Interessante mesmo o sistema de castas na Índia, realidade cruel.
Post perfeito
Como é chamado o sistema social de defesa indiano ?
Nepal
Olá Cíntia, infelizmente não sei informar!
A Natália disse que a resposta do Antônio Loureiro estava correta. Acho que tem um engano. Os Vaixas saíram das pernas, não da barriga. E os Sudras saíram dos pés, não das pernas.
Os Dalits não saíram de parte alguma do Deus Brahma. Saíram de baixo dos pés, da poeira.
É verdade, Fábio, não tinha reparado nesse engano!
Cada vez que me disponho a estudar a índia descubro coisas parecidas com o Brasil.
Será o nosso contexto dos 300.000 ciganos deportados pelo marques de Pombal, de que são poucas as notícias?
Vou iniciar um estudo neste sentido pois sei que existem muitos grupos desses ciganos vivendo em apartheid até hoje no nordeste (Paraíba, Ceará)
Olá Antônio, também vejo muitas coisas em comum nos dois países, e outras completamente diferentes. Essa história dos ciganos têm me interessado muito nos últimos tempos, pq são um grupo completamente invisível aqui. Vivem um verdadeiro apartheid, como vc disse!

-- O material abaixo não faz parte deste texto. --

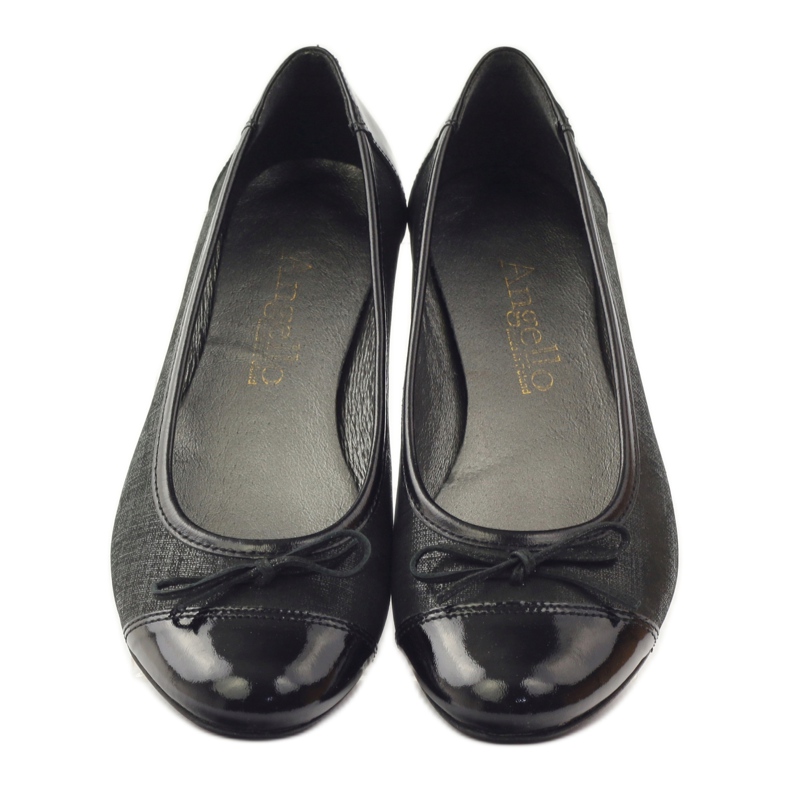Bailarinas com arco Angello preto 1704 4 Bailarinas com arco Angello preto 1704 4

Abraços e obrigada por comentar!
Vamos revisar ou estou errado
Brâmanes - da cabeça
Xátrias - dos braços e tórax
Vaixás - da barriga - comerciantes
Sudras - trabalhadores - das pernas
Párias ou Intocáveis, agora Dalits - dos pés de Brama.
OK.
Tá certinho ;)
qual a diferença entre párias e dalits?
Olá Clara,
Párias são pessoas mantidas à margem da sociedade ou excluída do convívio social. Os Dalits são párias na Índia, já que são considerados subcidadãos.
o sistema de castas na india tem a ver com o apartheid? Se sim pode me explicar o porque?

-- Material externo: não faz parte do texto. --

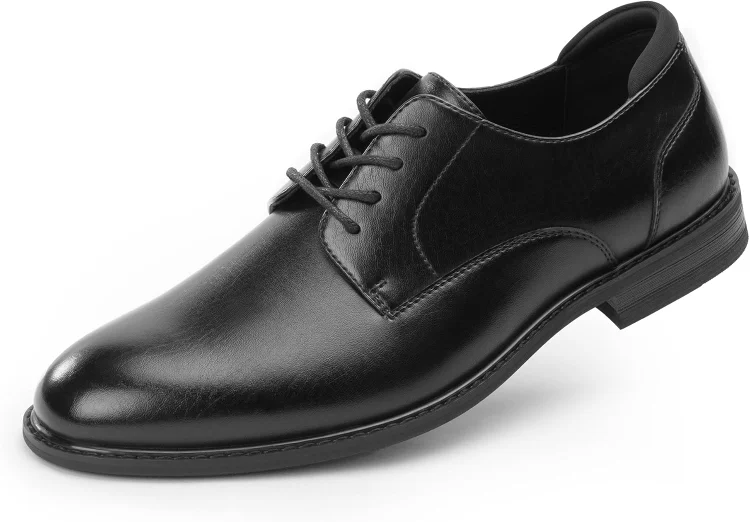 Cusolemore Zapatos Oxford de Vestir para Hombre,Zapatos clásicos de Cordones Formales con Puntera Redonda,Forrados de Cuero, diseño de talonera para Ocasiones Formales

De certa forma tem a ver porque também é baseado na exclusão de pessoas, né?
Porque eles vivem em um sistema digno de um apartheid?

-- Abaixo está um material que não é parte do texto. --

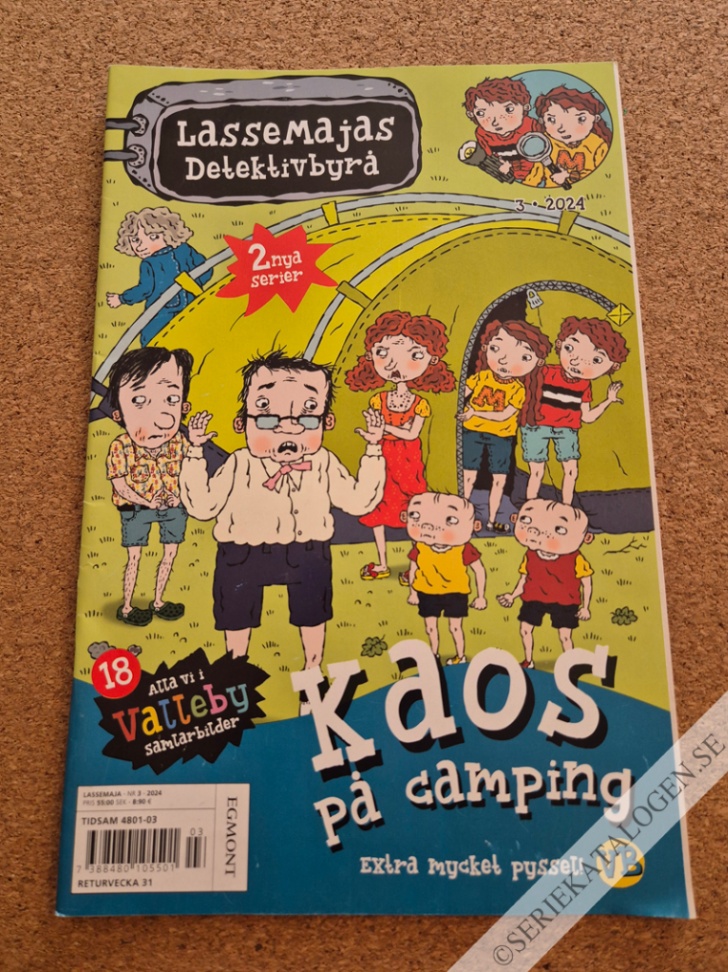 Framsida på LasseMajas detektivbyrå #3 (2024)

Ana, as razões são históricas e culturais. Está explicado no post. :)
Abraços!
Bastante esclarecedor para o que pretendo. Confesso que fiquei triste e angustiada. Estou a ler O tigre branco de Aravind Adiga Man Booker prize 2008.
Olá Isaura, obrigada por comentar. Sim, é uma realidade bem pesada, mas está mudando, pouco a pouco. Você recomenda esse livro?